Questa vastità indefinita di fenomeni naturali pone il mondo esattamente all’interno dei parametri della fede biblica. Questa fede, infatti, incontra sempre un Dio della promessa che si avvicina dal futuro con l’invito a “venire avanti”. Dall’esortazione ad Abramo a partire per una nuova terra, suggellata dal dono sorprendente di un figlio per lui e Sara, anziani e sterili, all’invito al popolo ebraico in schiavitù a uscire dall’Egitto, ormai libero, all’incarico conferito alle discepole di Gesù che si trovavano presso la tomba vuota di andare e raccontare la buona novella della resurrezione: la presenza di Dio nella storia umana è foriera di continue sorprese.

Riflettendo sulla vicenda evolutiva del mondo insieme a queste storie di fede, la teologia propone di interpretare lo Spirito Creatore come fonte generosa del nuovo non solo per gli esseri umani, ma anche per il mondo naturale nel suo insieme. Dimorando nel mondo con potenza creatrice, lo Spirito lo avvia verso una grande avventura, ordinando al Big Bang: «Vai, diventa, esplora, dai alla luce il nuovo, perché di più è ancora possibile. E io sarò con te». (...). Il Dio vivente che sempre nasce è presente nel mondo nel modo più intimo, sotto forma di una promessa: «Ecco, io faccio nuove tutte le cose» (Ap 21,5).

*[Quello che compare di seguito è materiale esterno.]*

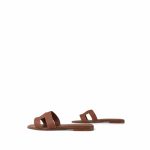 Hermès Box Calfskin Oran Sandals Gold Size 37.5 - Image 4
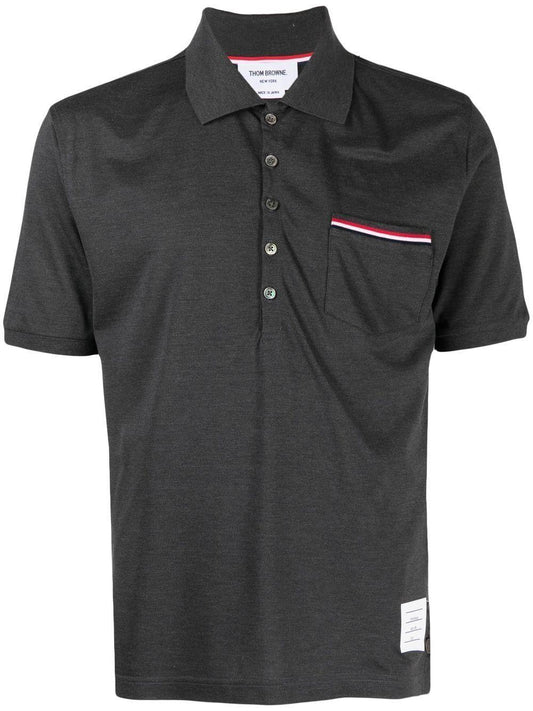 THOM BROWNE Rwb Pocket Trim Piqué Polo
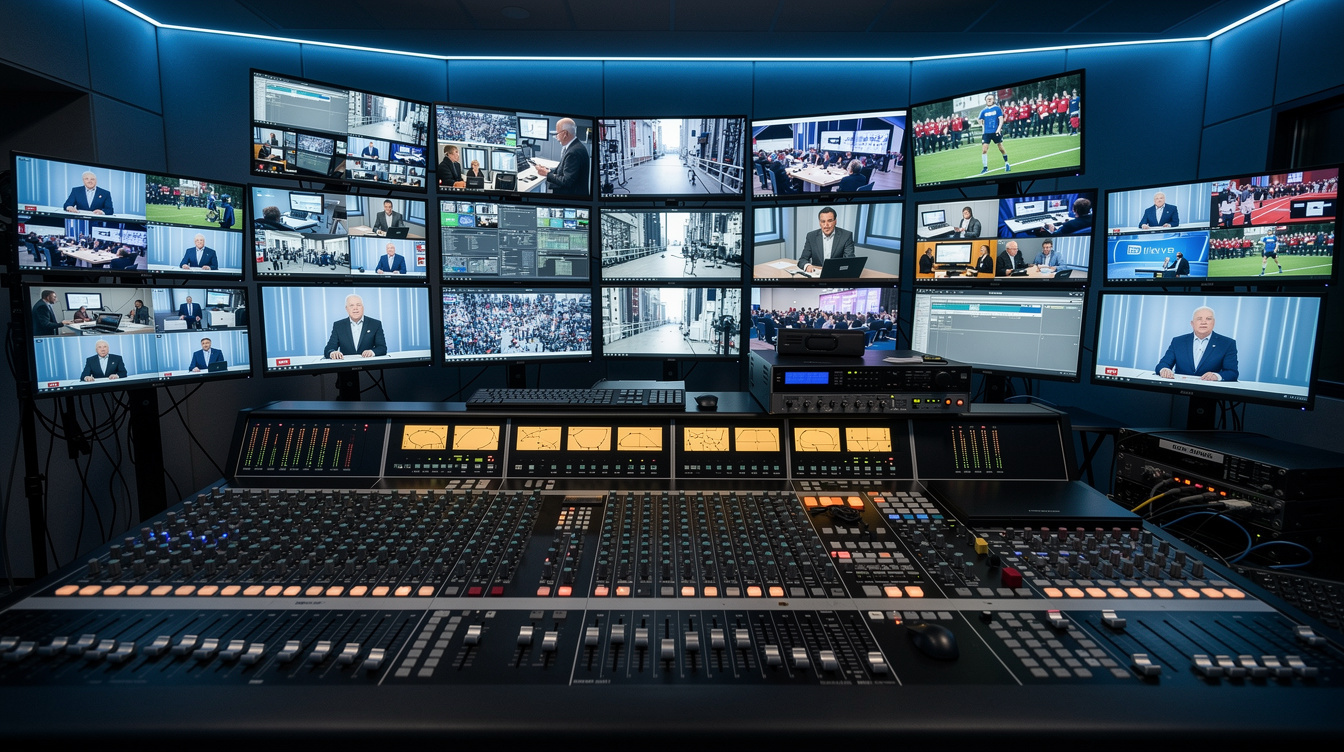 Broadcast control room with multiple video monitors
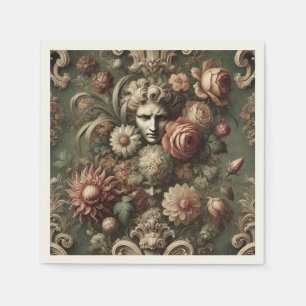 Ennui Elegance – Gotisch Barok Bloemenpatroon Servet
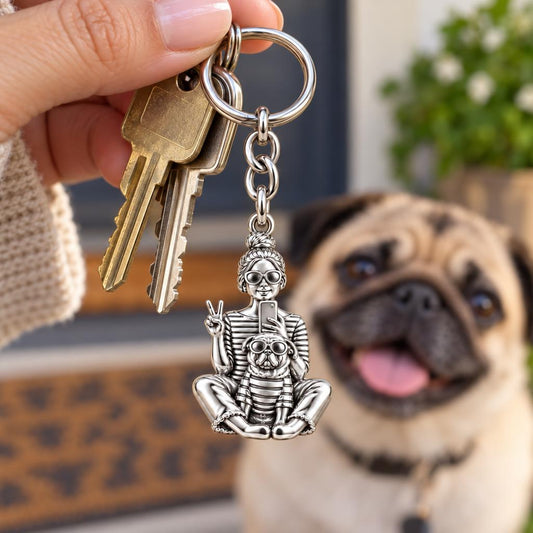 Bestie Selfie Pug Charm Keychain – worn / in use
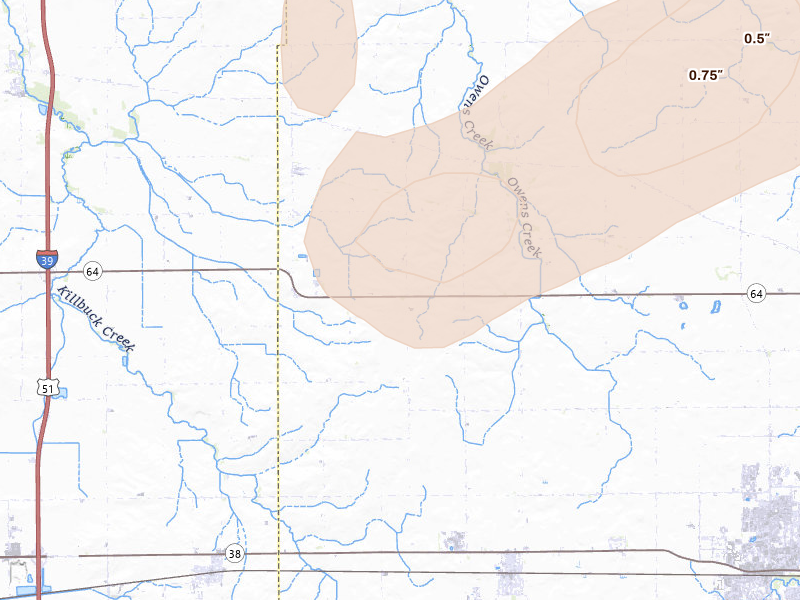 Radar-estimated hail-size map of the storm over Malta, IL on Jul 3, 2026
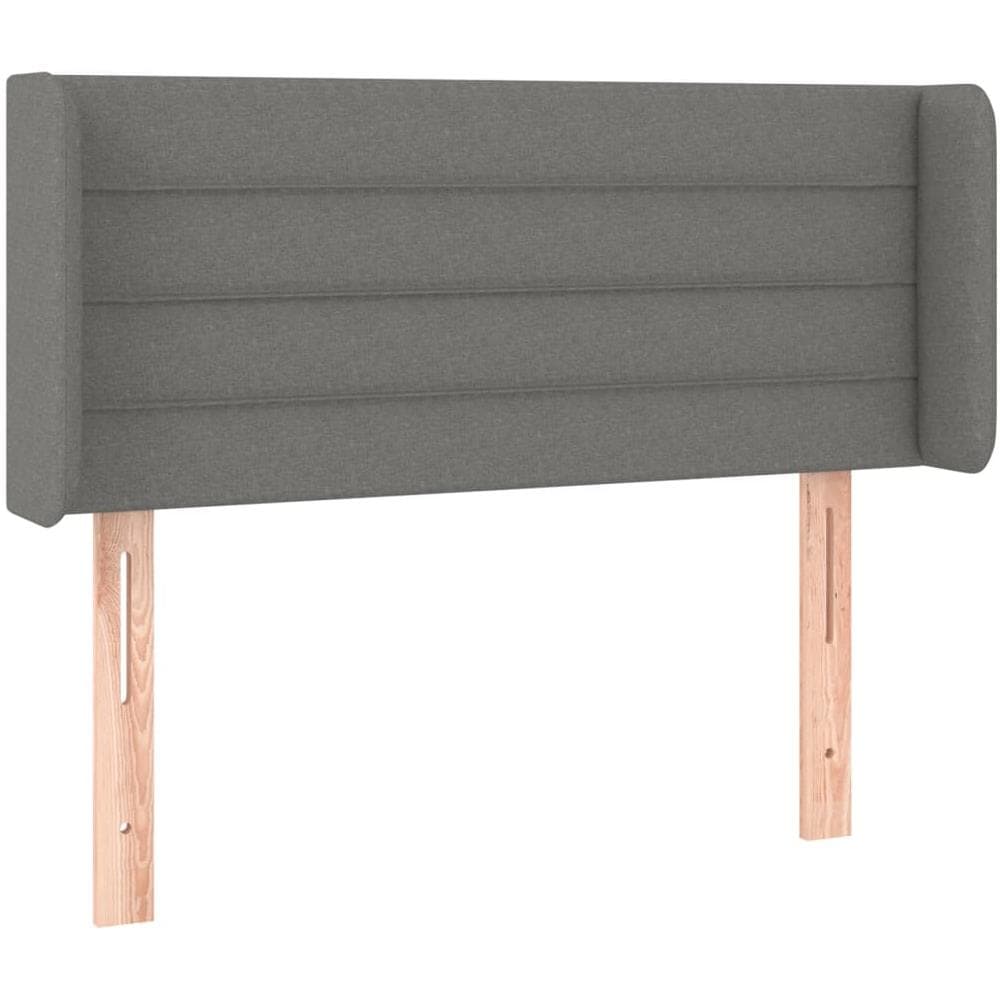 Testiera Ad Orecchio Grigio Scuro 103x16x78/88 Cm In Tessuto - Foto 2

Insomma, l’ecoteologia suggerisce che lo Spirito Creatore abita nel cuore del mondo naturale, dando energia dall’interno alla sua evoluzione con la propria benevolenza, sorreggendo in modo compassionevole tutte le sue creature nella loro finitezza e nella loro morte e sospingendo il mondo verso un futuro inimmaginabile. (...).